What you are asked to do
Having located "NEW MILWAUKEE GLASSES & 50LB STRAP" in the records below, repeat exactly the line it is on and all subsequent lines, ending with the last.

Data section
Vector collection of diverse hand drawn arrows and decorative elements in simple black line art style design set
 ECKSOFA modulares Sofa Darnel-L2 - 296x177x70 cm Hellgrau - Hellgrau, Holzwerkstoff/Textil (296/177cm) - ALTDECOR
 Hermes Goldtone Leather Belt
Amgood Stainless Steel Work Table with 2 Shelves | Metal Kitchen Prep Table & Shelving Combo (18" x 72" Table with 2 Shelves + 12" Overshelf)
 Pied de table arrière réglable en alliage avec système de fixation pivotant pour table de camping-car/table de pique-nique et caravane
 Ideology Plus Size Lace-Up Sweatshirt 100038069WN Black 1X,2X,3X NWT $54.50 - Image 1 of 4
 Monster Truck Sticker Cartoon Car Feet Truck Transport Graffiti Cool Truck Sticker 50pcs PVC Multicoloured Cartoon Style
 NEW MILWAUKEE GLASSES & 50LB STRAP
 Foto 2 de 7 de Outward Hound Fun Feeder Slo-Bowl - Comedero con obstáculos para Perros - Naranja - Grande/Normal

Task answer
 NEW MILWAUKEE GLASSES & 50LB STRAP
 Foto 2 de 7 de Outward Hound Fun Feeder Slo-Bowl - Comedero con obstáculos para Perros - Naranja - Grande/Normal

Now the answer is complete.